How the ‘Instagram Act’ might change the future of photo sharing.
This past Friday, I was happily going through my RSS feeds when I came upon an article speaking of the ‘Instagram Act’. It obviously caught my eye and intrigued me so I went on and read it.
Since I’ve read about it, I’ve been searching, reading, documenting myself to decide wether I should be afraid or really afraid of it.
What’s the Instagram Act?
The Instagram Act is the name commonly given to the UK’s new Enterprise and Regulatory Reform Act. The full text for this act won’t be published until Thursday, May 9 but its copyright provisions worry the artistic community who claim that legislation on orphan works and extended collective licensing will threaten their livelihoods.
Simply put, anybody can, after a diligent search for the author, use an image for commercial purposes without the author’s authorization. Furthermore, they can claim the rights to the image and sub-license to their will.
I will update this post with the act’s text once it is published.
What does it mean?
It means that if you have an image out there, somewhere, on the internet and that there’s no way to link it back to you (ie. stripped metadata, no watermark, etc.) anybody can use it, make money off of it and there’s nothing you can do about it! I’m a nervous wreck just writing this!

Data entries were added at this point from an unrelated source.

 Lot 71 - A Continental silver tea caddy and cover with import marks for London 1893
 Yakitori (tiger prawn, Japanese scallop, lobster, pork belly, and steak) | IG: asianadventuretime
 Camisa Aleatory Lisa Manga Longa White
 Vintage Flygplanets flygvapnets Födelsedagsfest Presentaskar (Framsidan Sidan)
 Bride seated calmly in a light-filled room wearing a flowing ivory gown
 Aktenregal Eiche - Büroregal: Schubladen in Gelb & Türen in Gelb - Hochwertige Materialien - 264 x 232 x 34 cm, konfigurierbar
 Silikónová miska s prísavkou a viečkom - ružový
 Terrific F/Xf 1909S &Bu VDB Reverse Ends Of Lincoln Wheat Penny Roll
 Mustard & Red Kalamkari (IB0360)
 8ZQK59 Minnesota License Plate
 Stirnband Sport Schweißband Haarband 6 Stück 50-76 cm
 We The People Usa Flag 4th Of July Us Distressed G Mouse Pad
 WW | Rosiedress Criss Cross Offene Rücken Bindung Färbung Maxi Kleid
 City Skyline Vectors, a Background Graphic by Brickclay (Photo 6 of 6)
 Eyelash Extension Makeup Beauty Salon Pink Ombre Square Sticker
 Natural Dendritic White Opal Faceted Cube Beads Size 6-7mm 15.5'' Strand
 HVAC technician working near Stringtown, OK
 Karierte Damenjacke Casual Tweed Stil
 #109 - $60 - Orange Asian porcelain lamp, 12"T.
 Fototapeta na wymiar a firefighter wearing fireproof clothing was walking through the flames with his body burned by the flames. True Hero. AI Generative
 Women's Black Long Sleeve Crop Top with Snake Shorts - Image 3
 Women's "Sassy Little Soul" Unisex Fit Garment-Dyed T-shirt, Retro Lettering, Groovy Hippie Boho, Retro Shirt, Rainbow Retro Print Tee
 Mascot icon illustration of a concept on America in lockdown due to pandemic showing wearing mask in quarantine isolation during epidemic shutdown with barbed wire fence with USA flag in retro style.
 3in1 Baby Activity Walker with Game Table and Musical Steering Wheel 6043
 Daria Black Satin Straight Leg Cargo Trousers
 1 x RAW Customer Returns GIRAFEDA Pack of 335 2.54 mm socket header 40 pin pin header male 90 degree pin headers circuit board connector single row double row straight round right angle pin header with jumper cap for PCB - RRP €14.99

Let’s take a simple and real example: my «Communication Problems» image.
I took this picture a few years ago, during my 365 – 1 photo a day project. Like all the other pictures from the same project, I uploaded it to Flickr. It was uploaded as an “all rights reserved” image but that did not stop literally hundreds of bloggers using it on their blogs. At least, some of them (too little of them) credited me. But credits don’t pay the bills!
Anyway, this same image could be used by a wireless carrier. Their copy could say something like: «Enough of bad coverage and dropped calls?» Well the Instagram Act would allow them to use this image if, after a diligent search — please define diligent search — they can’t link it back to me. The metadata has obviously been stripped and I don’t watermark my images thus making this image an orphan.
What can we do?
Unfortunately, I don’t see many solutions to this enormous problem. I only see two:
- Watermark your images to death and make them ugly as hell!
- Stop sharing your photos on the web. No more website, Facebook, Instagram, etc.
Both solutions are a bit drastic but what else can we do to protect our livelihood?
What do you think?
You’ve probably figured by now that I’m not too happy about this new act and I’m a bit afraid even feel threatened by it.
How about you? Are you worried about your work being used against your will? Are you afraid or do you embrace the possible exposure?